The devil is in the detail.

At present I do not know of any 'Equal length fuel lines kit' that directly fits 2009 to 2012 SH XT Foresters.

Let me clarify my proposition here. I am tight as a fishers ass.

I need advice like this KISS! Keep It Simple Stupid. I will buy used in good condition or EBay if it is legit and works.

Let's suppose I start with the fuel line incoming from the tank. There are three lines, one is fuel. I know it had 98 RON coming out of it.

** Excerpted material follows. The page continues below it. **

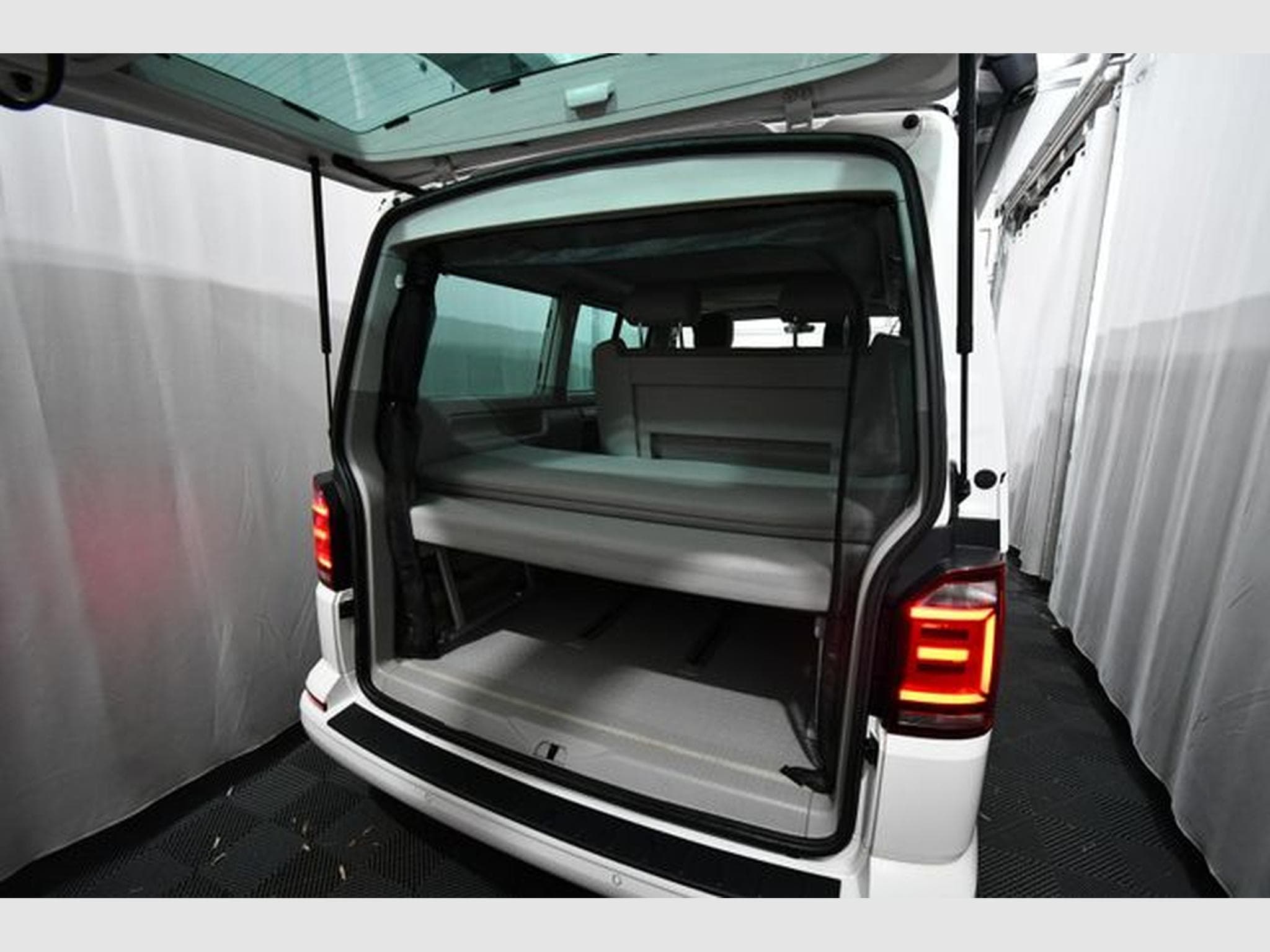 VW T6 California Beach Edition, Stand-Hzg.,  4M (2019) - Photo 5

Yep I need that! What else is there.... Return line? Vacuum lines?

Do I need these?

Then after that let's say there is nothing left of the Subaru OEM set up. No fuel lines that used to go to the fuel rails, and no fuel rails anymore.

Brams rails are dead end, with no return. I like this idea, less complex set up. But can I get fuel rails that suit and fit my 2009 to 2012 SH XT Foresters?

I need a Fuel regulator and gauge?. Where in the scheme of things does the Fuel regulator and a gauge fit.

Before incoming fuel or after? Vacuum lines?

So I need proper fuel rubber hoses and clamps. And brass Y joiner fittings.

I do not need bling CN stuff.

Fuel Injectors, I am keen on Injector Dynamics 1000cc.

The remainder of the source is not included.